When you reach the line below that has "Lit simple /", start returning lines exactly, and stop after the line that has "Watercolor seamless border"; skip the pictures.

Segment Start: EXTRACTED ENTRIES

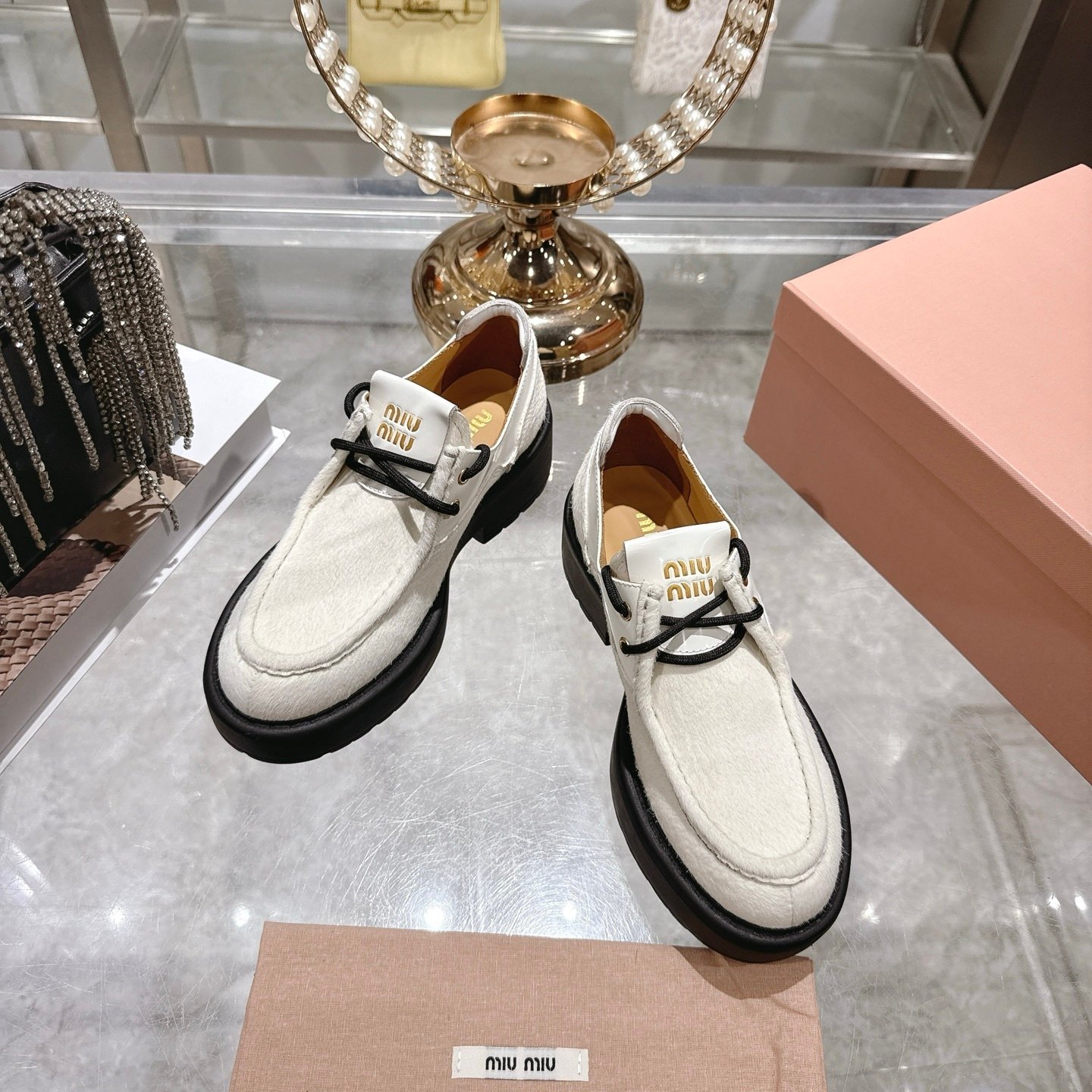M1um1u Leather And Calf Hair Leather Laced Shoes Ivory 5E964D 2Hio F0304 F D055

Segment End: EXTRACTED ENTRIES
Segment Start: EXTRACTED ENTRIES

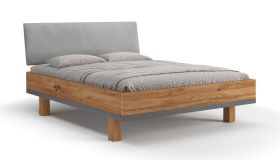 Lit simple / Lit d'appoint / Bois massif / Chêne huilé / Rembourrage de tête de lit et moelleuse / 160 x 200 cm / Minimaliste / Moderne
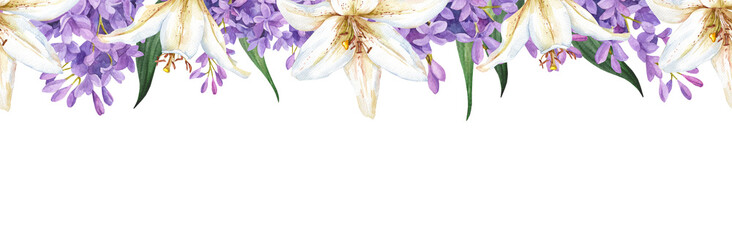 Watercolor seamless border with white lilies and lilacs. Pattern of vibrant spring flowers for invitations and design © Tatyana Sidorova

Segment End: EXTRACTED ENTRIES

## RESPONSE TO THE EXERCISE
 Lit simple / Lit d'appoint / Bois massif / Chêne huilé / Rembourrage de tête de lit et moelleuse / 160 x 200 cm / Minimaliste / Moderne
 Watercolor seamless border with white lilies and lilacs. Pattern of vibrant spring flowers for invitations and design © Tatyana Sidorova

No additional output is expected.